Scale-Bridging Techniques for Disperse Multiphase Flows
Abstract: Disperse multiphase systems—comprising interacting particles, droplets, and bubbles—exhibit rich collective behaviors, nonlinear dynamics, and emergent structures across a wide range of spatial and temporal scales. These systems are central to many scientific and engineering challenges and play an essential role in multiple DOE mission areas, including national security, clean energy production, advanced manufacturing, and predictive modeling of high-speed ejecta and debris in explosive events. Despite their importance, the inherent multiscale nature of particle systems makes predictive modeling remarkably difficult. Microscale particle–fluid and particle–particle interactions strongly influence mesoscale clustering, dispersion, and instabilities, which in turn determine macroscale flow characteristics and material response.
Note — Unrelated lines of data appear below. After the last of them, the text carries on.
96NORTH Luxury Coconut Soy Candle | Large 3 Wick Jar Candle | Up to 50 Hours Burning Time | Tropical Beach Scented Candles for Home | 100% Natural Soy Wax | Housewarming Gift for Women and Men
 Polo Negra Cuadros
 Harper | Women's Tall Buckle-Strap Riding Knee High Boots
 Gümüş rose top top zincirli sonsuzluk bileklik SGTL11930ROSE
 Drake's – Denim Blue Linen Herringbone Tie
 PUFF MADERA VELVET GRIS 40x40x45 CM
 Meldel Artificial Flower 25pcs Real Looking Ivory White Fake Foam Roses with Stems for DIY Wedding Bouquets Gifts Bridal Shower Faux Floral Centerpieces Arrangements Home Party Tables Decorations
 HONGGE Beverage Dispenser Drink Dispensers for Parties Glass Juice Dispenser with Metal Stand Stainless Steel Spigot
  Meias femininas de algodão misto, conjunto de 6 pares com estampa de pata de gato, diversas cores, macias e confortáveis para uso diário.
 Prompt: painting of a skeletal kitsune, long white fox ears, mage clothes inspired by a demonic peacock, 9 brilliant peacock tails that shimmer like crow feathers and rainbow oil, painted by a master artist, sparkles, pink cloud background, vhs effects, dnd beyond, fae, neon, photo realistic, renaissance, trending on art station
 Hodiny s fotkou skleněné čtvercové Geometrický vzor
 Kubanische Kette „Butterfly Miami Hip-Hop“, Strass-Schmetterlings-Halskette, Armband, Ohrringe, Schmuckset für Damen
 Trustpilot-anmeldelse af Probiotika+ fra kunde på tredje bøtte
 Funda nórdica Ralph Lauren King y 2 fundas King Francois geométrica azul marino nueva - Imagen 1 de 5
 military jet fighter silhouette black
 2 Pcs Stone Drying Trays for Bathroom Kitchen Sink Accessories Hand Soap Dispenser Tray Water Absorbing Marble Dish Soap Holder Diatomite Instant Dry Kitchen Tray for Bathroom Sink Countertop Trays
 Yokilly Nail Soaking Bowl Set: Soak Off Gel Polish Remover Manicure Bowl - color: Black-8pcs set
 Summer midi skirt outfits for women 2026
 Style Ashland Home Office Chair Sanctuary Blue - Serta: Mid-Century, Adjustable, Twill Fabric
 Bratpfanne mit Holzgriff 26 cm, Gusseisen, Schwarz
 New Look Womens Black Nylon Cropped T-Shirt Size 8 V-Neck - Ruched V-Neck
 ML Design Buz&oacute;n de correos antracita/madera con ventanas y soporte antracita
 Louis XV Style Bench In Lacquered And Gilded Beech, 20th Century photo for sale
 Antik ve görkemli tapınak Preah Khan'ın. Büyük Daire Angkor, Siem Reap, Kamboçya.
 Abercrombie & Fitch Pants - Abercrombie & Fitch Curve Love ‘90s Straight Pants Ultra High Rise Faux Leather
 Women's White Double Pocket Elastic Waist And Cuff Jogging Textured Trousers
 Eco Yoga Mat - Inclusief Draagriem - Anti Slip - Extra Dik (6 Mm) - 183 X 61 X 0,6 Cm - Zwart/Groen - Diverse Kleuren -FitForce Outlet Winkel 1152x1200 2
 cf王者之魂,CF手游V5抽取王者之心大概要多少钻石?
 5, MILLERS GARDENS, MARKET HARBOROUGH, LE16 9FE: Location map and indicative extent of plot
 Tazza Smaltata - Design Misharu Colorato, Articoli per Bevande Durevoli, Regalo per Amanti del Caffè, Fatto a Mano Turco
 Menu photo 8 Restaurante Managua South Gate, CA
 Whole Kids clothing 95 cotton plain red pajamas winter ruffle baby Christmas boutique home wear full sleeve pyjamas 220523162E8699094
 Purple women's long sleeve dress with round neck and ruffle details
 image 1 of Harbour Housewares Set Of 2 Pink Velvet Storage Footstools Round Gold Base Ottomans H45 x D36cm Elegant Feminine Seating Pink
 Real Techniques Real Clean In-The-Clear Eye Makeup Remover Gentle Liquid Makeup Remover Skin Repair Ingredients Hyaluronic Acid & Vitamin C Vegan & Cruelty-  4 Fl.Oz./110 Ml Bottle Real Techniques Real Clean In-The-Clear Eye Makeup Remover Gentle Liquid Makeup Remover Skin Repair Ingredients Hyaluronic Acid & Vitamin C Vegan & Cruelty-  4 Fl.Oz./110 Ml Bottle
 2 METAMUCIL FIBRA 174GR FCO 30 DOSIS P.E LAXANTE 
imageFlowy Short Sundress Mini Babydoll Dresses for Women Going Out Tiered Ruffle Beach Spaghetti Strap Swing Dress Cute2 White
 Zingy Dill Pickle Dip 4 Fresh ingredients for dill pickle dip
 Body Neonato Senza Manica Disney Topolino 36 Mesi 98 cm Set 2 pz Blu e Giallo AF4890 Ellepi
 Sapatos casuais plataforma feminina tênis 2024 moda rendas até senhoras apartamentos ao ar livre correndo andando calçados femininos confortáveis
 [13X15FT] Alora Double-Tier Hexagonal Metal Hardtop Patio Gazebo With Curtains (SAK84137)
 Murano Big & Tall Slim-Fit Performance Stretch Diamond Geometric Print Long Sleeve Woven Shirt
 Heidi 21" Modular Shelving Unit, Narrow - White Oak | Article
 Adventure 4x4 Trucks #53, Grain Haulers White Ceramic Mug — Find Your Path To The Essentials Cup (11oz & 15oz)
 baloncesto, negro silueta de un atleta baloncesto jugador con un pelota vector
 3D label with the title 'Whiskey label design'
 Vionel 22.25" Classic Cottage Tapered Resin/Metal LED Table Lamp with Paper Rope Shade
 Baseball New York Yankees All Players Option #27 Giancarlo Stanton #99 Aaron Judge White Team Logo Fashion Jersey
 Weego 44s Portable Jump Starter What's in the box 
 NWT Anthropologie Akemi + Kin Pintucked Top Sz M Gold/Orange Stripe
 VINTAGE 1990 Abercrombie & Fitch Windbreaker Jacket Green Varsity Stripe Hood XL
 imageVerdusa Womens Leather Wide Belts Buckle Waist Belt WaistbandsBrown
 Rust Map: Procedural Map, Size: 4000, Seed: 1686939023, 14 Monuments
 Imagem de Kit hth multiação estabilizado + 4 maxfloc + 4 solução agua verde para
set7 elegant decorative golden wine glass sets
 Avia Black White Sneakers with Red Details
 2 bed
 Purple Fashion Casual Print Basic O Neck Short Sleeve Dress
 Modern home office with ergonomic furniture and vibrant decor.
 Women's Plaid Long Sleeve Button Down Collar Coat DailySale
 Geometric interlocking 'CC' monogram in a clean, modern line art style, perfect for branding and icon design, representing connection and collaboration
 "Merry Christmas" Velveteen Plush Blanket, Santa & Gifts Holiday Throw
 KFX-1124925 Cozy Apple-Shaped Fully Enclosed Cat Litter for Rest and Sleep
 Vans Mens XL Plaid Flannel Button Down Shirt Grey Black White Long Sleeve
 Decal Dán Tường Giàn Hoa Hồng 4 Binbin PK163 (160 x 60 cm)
Particle-resolved DNS offers unparalleled detail by resolving all relevant scales, but its computational cost is prohibitive for most engineering-scale applications. As a result, the development of reliable and physically grounded scale-bridging techniques—such as multiscale closure modeling, coarse-grained particle methods, data-driven surrogate models, and hybrid computational frameworks—has become a critical research frontier. This panel will bring together experts in multiphase flow physics, high-fidelity simulation, reduced-order modeling, and machine learning to discuss recent advances and emerging methodologies for bridging micro-, meso-, and macroscales in disperse multiphase flows. The session aims to highlight fundamental challenges, compare promising approaches, and identify opportunities for unifying physics-based and data-driven models to enable next-generation predictive simulations for DOE-relevant applications.